Problem details: Set down every record below exactly as it stands.

■ ■ ■ ■ ■ ■ ■

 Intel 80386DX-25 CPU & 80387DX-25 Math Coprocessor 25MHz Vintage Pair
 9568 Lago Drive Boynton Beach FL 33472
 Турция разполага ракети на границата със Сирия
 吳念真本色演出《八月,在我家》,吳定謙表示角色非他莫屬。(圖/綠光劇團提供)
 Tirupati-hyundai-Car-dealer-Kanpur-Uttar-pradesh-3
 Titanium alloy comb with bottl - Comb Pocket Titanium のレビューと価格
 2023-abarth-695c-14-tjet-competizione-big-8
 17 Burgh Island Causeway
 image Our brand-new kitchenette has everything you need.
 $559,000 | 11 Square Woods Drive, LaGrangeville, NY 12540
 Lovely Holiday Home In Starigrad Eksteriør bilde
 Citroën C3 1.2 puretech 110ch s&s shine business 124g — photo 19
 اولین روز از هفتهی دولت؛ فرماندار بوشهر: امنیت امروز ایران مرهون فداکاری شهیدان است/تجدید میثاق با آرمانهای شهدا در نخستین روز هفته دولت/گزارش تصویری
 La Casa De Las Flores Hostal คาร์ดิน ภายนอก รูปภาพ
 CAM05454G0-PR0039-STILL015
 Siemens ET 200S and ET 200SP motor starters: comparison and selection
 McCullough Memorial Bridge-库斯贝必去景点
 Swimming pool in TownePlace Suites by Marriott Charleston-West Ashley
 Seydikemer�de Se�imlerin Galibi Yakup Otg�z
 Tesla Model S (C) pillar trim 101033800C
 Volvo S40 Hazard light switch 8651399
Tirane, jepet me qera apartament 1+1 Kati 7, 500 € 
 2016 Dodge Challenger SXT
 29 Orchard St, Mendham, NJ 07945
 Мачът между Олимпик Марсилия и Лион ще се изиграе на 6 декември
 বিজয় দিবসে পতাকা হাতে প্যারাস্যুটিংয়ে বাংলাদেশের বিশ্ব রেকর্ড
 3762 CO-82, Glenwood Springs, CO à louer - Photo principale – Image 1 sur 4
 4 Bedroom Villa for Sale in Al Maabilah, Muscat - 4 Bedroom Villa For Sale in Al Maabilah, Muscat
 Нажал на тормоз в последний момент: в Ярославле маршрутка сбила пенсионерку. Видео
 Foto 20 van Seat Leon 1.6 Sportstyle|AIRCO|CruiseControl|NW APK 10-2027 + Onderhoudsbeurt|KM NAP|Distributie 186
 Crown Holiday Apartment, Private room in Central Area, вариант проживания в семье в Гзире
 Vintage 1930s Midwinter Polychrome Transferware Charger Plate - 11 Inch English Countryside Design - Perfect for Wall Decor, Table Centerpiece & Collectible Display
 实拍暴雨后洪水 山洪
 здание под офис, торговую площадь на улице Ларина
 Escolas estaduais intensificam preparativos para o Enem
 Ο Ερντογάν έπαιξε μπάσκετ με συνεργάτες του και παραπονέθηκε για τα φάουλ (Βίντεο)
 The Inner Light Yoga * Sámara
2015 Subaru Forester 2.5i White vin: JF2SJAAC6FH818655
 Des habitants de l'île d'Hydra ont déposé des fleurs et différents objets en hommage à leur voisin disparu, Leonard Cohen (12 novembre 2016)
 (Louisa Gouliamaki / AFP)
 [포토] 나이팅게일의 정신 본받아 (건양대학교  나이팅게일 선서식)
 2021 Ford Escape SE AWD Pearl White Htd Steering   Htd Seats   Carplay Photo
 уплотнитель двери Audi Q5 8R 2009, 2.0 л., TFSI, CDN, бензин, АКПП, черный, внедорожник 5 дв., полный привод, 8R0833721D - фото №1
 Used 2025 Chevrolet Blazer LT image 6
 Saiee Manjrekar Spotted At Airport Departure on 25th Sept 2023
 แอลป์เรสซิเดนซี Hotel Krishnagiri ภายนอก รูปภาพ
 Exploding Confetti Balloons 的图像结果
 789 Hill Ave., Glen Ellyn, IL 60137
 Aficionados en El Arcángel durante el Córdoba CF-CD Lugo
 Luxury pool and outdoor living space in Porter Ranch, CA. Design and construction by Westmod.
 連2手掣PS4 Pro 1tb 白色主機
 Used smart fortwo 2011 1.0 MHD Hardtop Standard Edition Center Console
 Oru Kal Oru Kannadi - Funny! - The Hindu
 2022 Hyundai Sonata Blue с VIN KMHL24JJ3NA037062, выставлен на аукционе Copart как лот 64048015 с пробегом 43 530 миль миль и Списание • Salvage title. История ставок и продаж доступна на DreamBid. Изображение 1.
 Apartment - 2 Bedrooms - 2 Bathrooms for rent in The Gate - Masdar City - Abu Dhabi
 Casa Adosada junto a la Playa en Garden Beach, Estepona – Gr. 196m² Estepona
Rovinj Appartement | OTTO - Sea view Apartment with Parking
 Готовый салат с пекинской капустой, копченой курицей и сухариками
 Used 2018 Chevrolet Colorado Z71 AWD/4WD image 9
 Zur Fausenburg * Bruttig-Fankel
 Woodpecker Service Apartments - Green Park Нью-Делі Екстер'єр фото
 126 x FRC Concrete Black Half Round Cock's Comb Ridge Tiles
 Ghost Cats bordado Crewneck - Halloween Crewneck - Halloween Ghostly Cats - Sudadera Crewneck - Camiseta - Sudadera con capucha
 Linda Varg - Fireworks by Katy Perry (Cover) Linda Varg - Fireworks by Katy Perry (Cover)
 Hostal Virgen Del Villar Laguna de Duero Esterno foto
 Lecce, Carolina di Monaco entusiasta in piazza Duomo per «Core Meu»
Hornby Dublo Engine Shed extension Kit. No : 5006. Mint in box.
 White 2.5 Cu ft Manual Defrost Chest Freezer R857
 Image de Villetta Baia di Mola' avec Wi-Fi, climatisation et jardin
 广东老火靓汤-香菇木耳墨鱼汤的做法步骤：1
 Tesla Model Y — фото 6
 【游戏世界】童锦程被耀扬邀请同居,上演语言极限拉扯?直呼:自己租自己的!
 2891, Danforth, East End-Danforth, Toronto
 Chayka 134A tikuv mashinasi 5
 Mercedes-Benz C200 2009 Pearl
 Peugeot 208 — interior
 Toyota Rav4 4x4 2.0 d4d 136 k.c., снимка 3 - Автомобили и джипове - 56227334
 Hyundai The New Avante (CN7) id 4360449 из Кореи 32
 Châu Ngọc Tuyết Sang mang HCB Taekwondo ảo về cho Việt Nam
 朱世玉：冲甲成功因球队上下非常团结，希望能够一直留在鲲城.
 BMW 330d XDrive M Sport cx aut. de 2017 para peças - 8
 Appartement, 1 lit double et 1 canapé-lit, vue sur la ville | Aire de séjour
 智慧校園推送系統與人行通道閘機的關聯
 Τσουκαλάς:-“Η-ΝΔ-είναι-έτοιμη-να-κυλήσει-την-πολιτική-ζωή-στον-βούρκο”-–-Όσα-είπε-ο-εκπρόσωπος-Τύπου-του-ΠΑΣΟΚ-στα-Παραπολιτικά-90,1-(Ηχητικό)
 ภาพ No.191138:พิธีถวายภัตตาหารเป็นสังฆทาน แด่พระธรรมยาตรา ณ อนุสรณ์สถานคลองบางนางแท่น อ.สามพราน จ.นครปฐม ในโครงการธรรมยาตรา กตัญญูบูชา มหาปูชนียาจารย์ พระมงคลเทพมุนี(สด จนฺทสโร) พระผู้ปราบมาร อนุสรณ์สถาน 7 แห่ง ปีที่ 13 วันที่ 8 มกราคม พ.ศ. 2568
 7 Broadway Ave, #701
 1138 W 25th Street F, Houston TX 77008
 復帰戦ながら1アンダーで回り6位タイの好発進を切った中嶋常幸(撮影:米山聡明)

■ ■ ■ ■ ■ ■ ■

Answer:
 Intel 80386DX-25 CPU & 80387DX-25 Math Coprocessor 25MHz Vintage Pair
 9568 Lago Drive Boynton Beach FL 33472
 Турция разполага ракети на границата със Сирия
 吳念真本色演出《八月,在我家》,吳定謙表示角色非他莫屬。(圖/綠光劇團提供)
 Tirupati-hyundai-Car-dealer-Kanpur-Uttar-pradesh-3
 Titanium alloy comb with bottl - Comb Pocket Titanium のレビューと価格
 2023-abarth-695c-14-tjet-competizione-big-8
 17 Burgh Island Causeway
 image Our brand-new kitchenette has everything you need.
 $559,000 | 11 Square Woods Drive, LaGrangeville, NY 12540
 Lovely Holiday Home In Starigrad Eksteriør bilde
 Citroën C3 1.2 puretech 110ch s&s shine business 124g — photo 19
 اولین روز از هفتهی دولت؛ فرماندار بوشهر: امنیت امروز ایران مرهون فداکاری شهیدان است/تجدید میثاق با آرمانهای شهدا در نخستین روز هفته دولت/گزارش تصویری
 La Casa De Las Flores Hostal คาร์ดิน ภายนอก รูปภาพ
 CAM05454G0-PR0039-STILL015
 Siemens ET 200S and ET 200SP motor starters: comparison and selection
 McCullough Memorial Bridge-库斯贝必去景点
 Swimming pool in TownePlace Suites by Marriott Charleston-West Ashley
 Seydikemer�de Se�imlerin Galibi Yakup Otg�z
 Tesla Model S (C) pillar trim 101033800C
 Volvo S40 Hazard light switch 8651399
Tirane, jepet me qera apartament 1+1 Kati 7, 500 € 
 2016 Dodge Challenger SXT
 29 Orchard St, Mendham, NJ 07945
 Мачът между Олимпик Марсилия и Лион ще се изиграе на 6 декември
 বিজয় দিবসে পতাকা হাতে প্যারাস্যুটিংয়ে বাংলাদেশের বিশ্ব রেকর্ড
 3762 CO-82, Glenwood Springs, CO à louer - Photo principale – Image 1 sur 4
 4 Bedroom Villa for Sale in Al Maabilah, Muscat - 4 Bedroom Villa For Sale in Al Maabilah, Muscat
 Нажал на тормоз в последний момент: в Ярославле маршрутка сбила пенсионерку. Видео
 Foto 20 van Seat Leon 1.6 Sportstyle|AIRCO|CruiseControl|NW APK 10-2027 + Onderhoudsbeurt|KM NAP|Distributie 186
 Crown Holiday Apartment, Private room in Central Area, вариант проживания в семье в Гзире
 Vintage 1930s Midwinter Polychrome Transferware Charger Plate - 11 Inch English Countryside Design - Perfect for Wall Decor, Table Centerpiece & Collectible Display
 实拍暴雨后洪水 山洪
 здание под офис, торговую площадь на улице Ларина
 Escolas estaduais intensificam preparativos para o Enem
 Ο Ερντογάν έπαιξε μπάσκετ με συνεργάτες του και παραπονέθηκε για τα φάουλ (Βίντεο)
 The Inner Light Yoga * Sámara
2015 Subaru Forester 2.5i White vin: JF2SJAAC6FH818655
 Des habitants de l'île d'Hydra ont déposé des fleurs et différents objets en hommage à leur voisin disparu, Leonard Cohen (12 novembre 2016)
 (Louisa Gouliamaki / AFP)
 [포토] 나이팅게일의 정신 본받아 (건양대학교  나이팅게일 선서식)
 2021 Ford Escape SE AWD Pearl White Htd Steering   Htd Seats   Carplay Photo
 уплотнитель двери Audi Q5 8R 2009, 2.0 л., TFSI, CDN, бензин, АКПП, черный, внедорожник 5 дв., полный привод, 8R0833721D - фото №1
 Used 2025 Chevrolet Blazer LT image 6
 Saiee Manjrekar Spotted At Airport Departure on 25th Sept 2023
 แอลป์เรสซิเดนซี Hotel Krishnagiri ภายนอก รูปภาพ
 Exploding Confetti Balloons 的图像结果
 789 Hill Ave., Glen Ellyn, IL 60137
 Aficionados en El Arcángel durante el Córdoba CF-CD Lugo
 Luxury pool and outdoor living space in Porter Ranch, CA. Design and construction by Westmod.
 連2手掣PS4 Pro 1tb 白色主機
 Used smart fortwo 2011 1.0 MHD Hardtop Standard Edition Center Console
 Oru Kal Oru Kannadi - Funny! - The Hindu
 2022 Hyundai Sonata Blue с VIN KMHL24JJ3NA037062, выставлен на аукционе Copart как лот 64048015 с пробегом 43 530 миль миль и Списание • Salvage title. История ставок и продаж доступна на DreamBid. Изображение 1.
 Apartment - 2 Bedrooms - 2 Bathrooms for rent in The Gate - Masdar City - Abu Dhabi
 Casa Adosada junto a la Playa en Garden Beach, Estepona – Gr. 196m² Estepona
Rovinj Appartement | OTTO - Sea view Apartment with Parking
 Готовый салат с пекинской капустой, копченой курицей и сухариками
 Used 2018 Chevrolet Colorado Z71 AWD/4WD image 9
 Zur Fausenburg * Bruttig-Fankel
 Woodpecker Service Apartments - Green Park Нью-Делі Екстер'єр фото
 126 x FRC Concrete Black Half Round Cock's Comb Ridge Tiles
 Ghost Cats bordado Crewneck - Halloween Crewneck - Halloween Ghostly Cats - Sudadera Crewneck - Camiseta - Sudadera con capucha
 Linda Varg - Fireworks by Katy Perry (Cover) Linda Varg - Fireworks by Katy Perry (Cover)
 Hostal Virgen Del Villar Laguna de Duero Esterno foto
 Lecce, Carolina di Monaco entusiasta in piazza Duomo per «Core Meu»
Hornby Dublo Engine Shed extension Kit. No : 5006. Mint in box.
 White 2.5 Cu ft Manual Defrost Chest Freezer R857
 Image de Villetta Baia di Mola' avec Wi-Fi, climatisation et jardin
 广东老火靓汤-香菇木耳墨鱼汤的做法步骤：1
 Tesla Model Y — фото 6
 【游戏世界】童锦程被耀扬邀请同居,上演语言极限拉扯?直呼:自己租自己的!
 2891, Danforth, East End-Danforth, Toronto
 Chayka 134A tikuv mashinasi 5
 Mercedes-Benz C200 2009 Pearl
 Peugeot 208 — interior
 Toyota Rav4 4x4 2.0 d4d 136 k.c., снимка 3 - Автомобили и джипове - 56227334
 Hyundai The New Avante (CN7) id 4360449 из Кореи 32
 Châu Ngọc Tuyết Sang mang HCB Taekwondo ảo về cho Việt Nam
 朱世玉：冲甲成功因球队上下非常团结，希望能够一直留在鲲城.
 BMW 330d XDrive M Sport cx aut. de 2017 para peças - 8
 Appartement, 1 lit double et 1 canapé-lit, vue sur la ville | Aire de séjour
 智慧校園推送系統與人行通道閘機的關聯
 Τσουκαλάς:-“Η-ΝΔ-είναι-έτοιμη-να-κυλήσει-την-πολιτική-ζωή-στον-βούρκο”-–-Όσα-είπε-ο-εκπρόσωπος-Τύπου-του-ΠΑΣΟΚ-στα-Παραπολιτικά-90,1-(Ηχητικό)
 ภาพ No.191138:พิธีถวายภัตตาหารเป็นสังฆทาน แด่พระธรรมยาตรา ณ อนุสรณ์สถานคลองบางนางแท่น อ.สามพราน จ.นครปฐม ในโครงการธรรมยาตรา กตัญญูบูชา มหาปูชนียาจารย์ พระมงคลเทพมุนี(สด จนฺทสโร) พระผู้ปราบมาร อนุสรณ์สถาน 7 แห่ง ปีที่ 13 วันที่ 8 มกราคม พ.ศ. 2568
 7 Broadway Ave, #701
 1138 W 25th Street F, Houston TX 77008
 復帰戦ながら1アンダーで回り6位タイの好発進を切った中嶋常幸(撮影:米山聡明)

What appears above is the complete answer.